In business for about 50 years, the stall is now run by second-generation owners — two sisters and one brother, who are now in their 50s.

 

They sell fried beehoon, fried yellow noodles, porridge and that’s it. You can’t buy any of the sides that one normally associates with economic beehoon like luncheon meat, fried eggs or fried fishcake

Each dish costs $1.20 but you’ll see many patrons order both a fried staple as well as a porridge for their breakfast. Longtime patrons will remember that they used to charge 50 cents a dish until the early 2000s which was when they upped their prices.

 

There are other economic beehoon stalls which are open elsewhere in the food centre and they have the usual options but they have far less crowds, even though the price of the fried beehoon/noodles is the same.

Once you taste the food at Chang Ji Gourmet, you’ll understand why.

The stall has a stripped down, less-is-more philosophy when it comes to taste. And it’s a taste which is almost impossible to buy in any economic beehoon stall in Singapore.

 

The fried beehoon ($1.20) is as simple as it gets. Fried with soy sauce, oil and some bean sprouts, it holds back on the dark soy sauce so that there is almost no sweetness in the taste.

Sample fried beehoon from any typical economic beehoon stall in Singapore and you’ll find that the opposite is often true — there is either a lack of flavour or an over-sweetness in the flavour due to too much dark, sweet soy sauce added.

 

The same is true of the fried yellow noodles ($1.20). Many patrons would opt for it as it has a richer egg noodle flavour but again the taste is stripped down — enough savouriness, fried richness, a bit of towgay and that’s it. The texture of the noodles is softer but still with a bit of bite.

They will ask if you want chilli and again there is that less-is-more approach — with spiciness, a hint of sourness and absolutely no sweet or savoury notes. The chilli sauce just adds….chilli and that’s it.

Contrast that to other chilli sauce offerings from other economic beehoon stalls.
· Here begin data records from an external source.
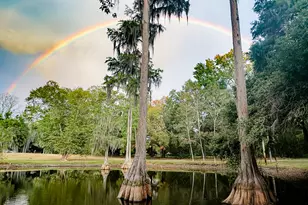 4446 Char-Augusta Rd, Bamberg, SC 29003 - Photo 4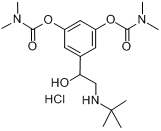 CAS:81732-46-9_盐酸班部特罗的分子结构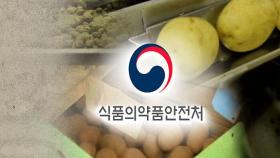 [단독] 미국산 'GMO 감자' 수입 안전성 심사 중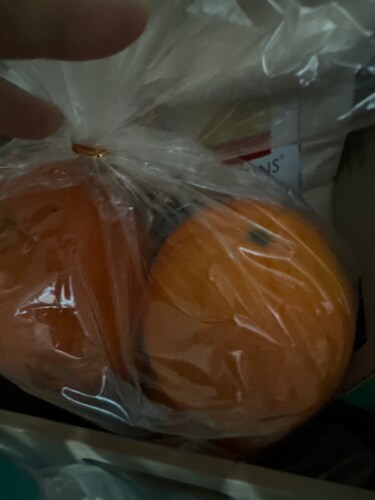 호주산 네이블 오렌지 1.4kg (5~8입/봉)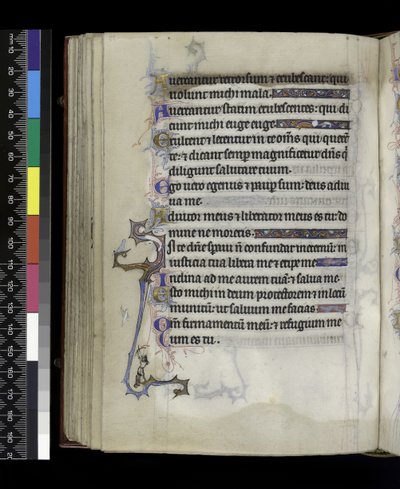 MS 300 f.73v, Psalter and Hours of France of France, Paris, c.1265-70 by French School
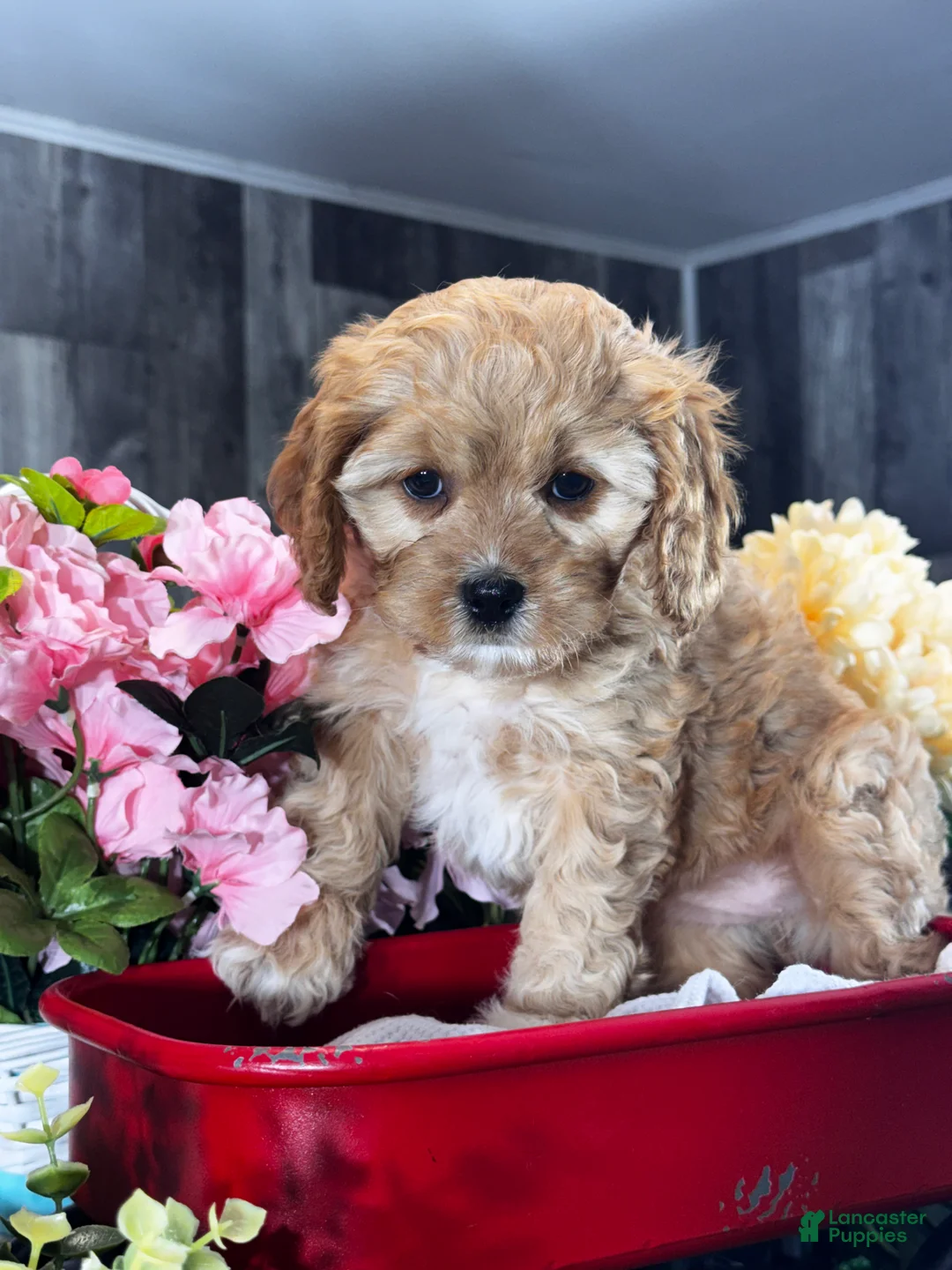 Cavapoo dogs for sale: Nova - Ad 2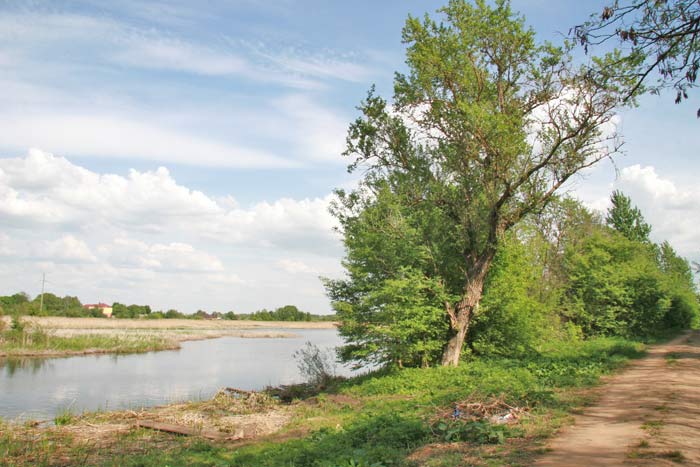 pagost 2 park 3389 1368613781 b1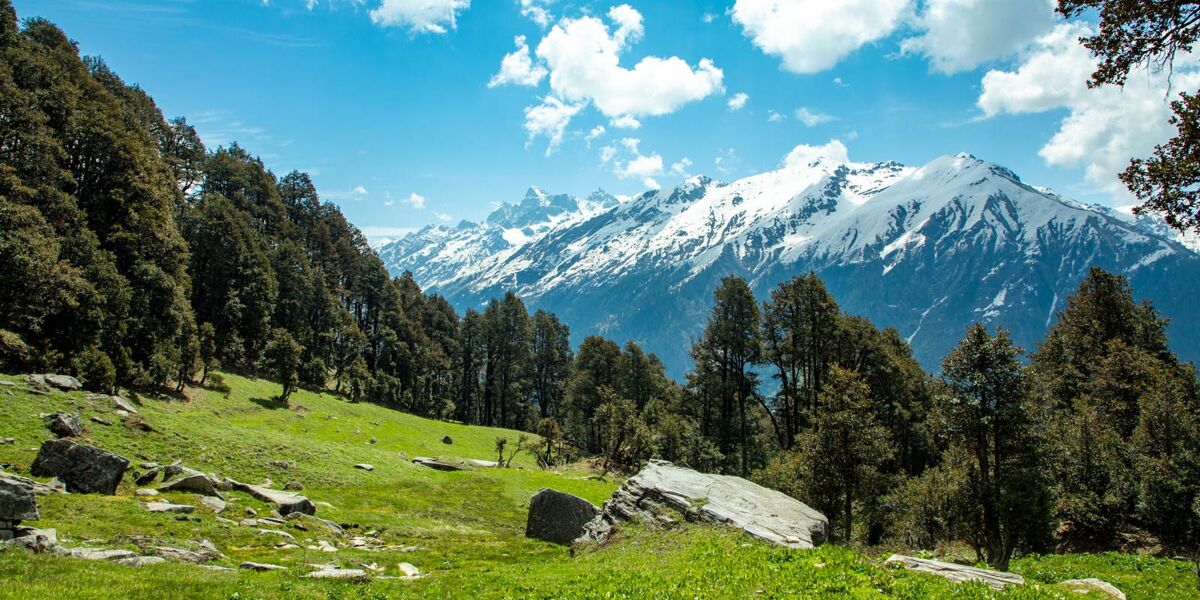 eab55266 77bd 4604 81b8 131d53575e26 chandrakhani pass cp jothiranjan exploration may 2023 monsoon treks  %2897%29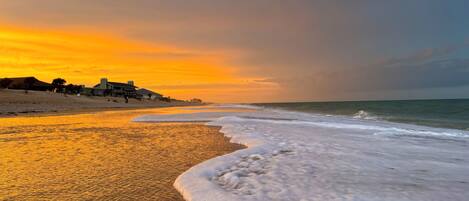 Plage à proximité, chaises longues, serviettes de plage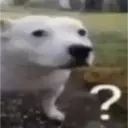 Xitpost 2026 11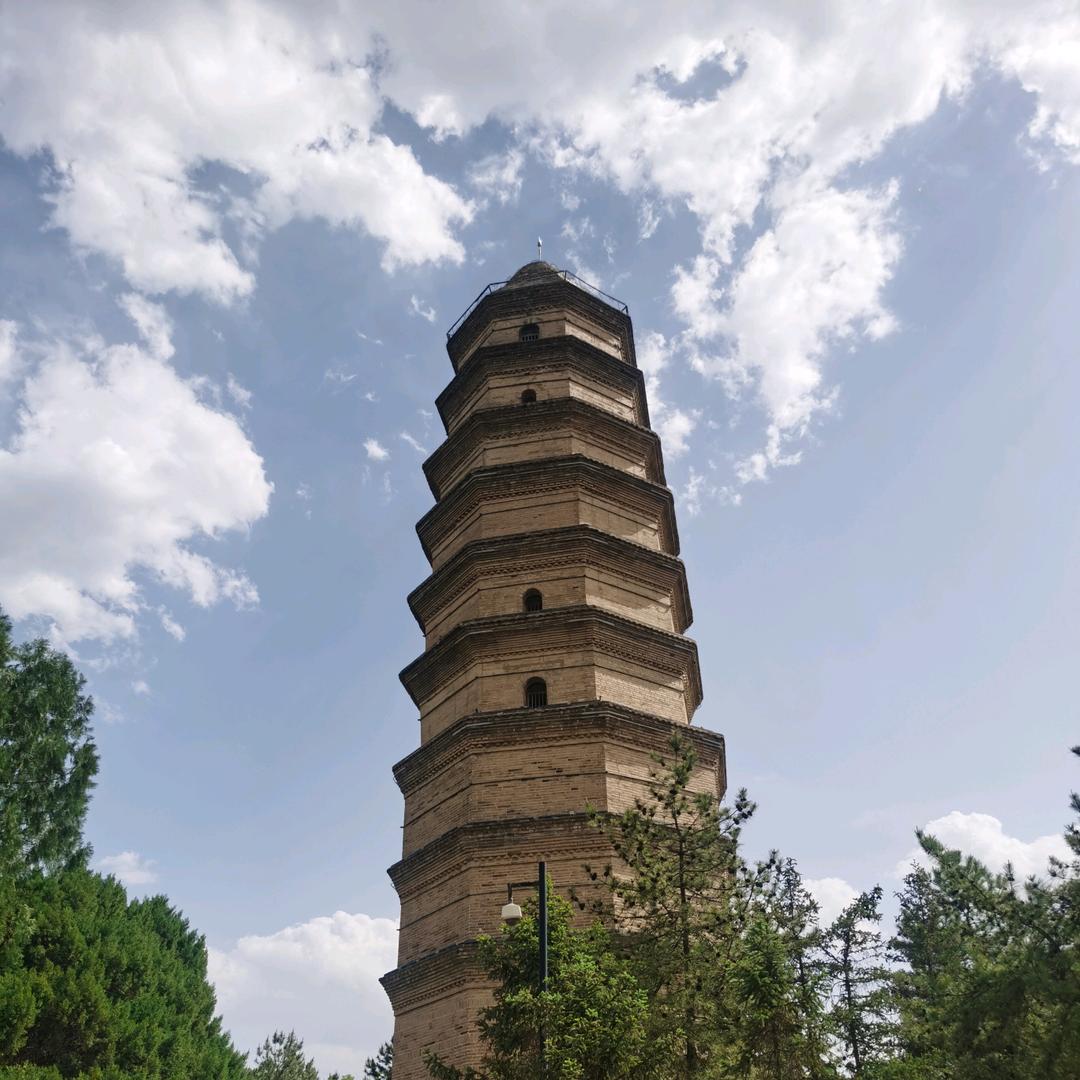 我爱森林狼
The flavour is usually power packed with a lot of oil and dried shrimp flavour or very very sweet, both of which will dominate the inherently basic fried staple taste.

 

The Fish & Peanut Porridge ($1.20) is equally simple. A traditional Cantonese dish, it’s flavoured with just dried salted fish and peanuts and the taste has a very straightforward savouriness, with hints of oil-richness coming from the peanuts.

It’s definitely different from how good Cantonese porridge is supposed to be — thick, creamy and rich. The porridge rice grains here are smooth but the consistency is more watery, with the salted fish bits and soft peanuts give the dish a nice texture.

Observe some of the patrons and you’ll see them mixing fried beehoon with their porridge, which is why you’ll hear the nickname “shark’s fin porridge”. It has a similar look to the real thing and the fried beehoon gives the porridge more texture and adds oil-richness to the taste.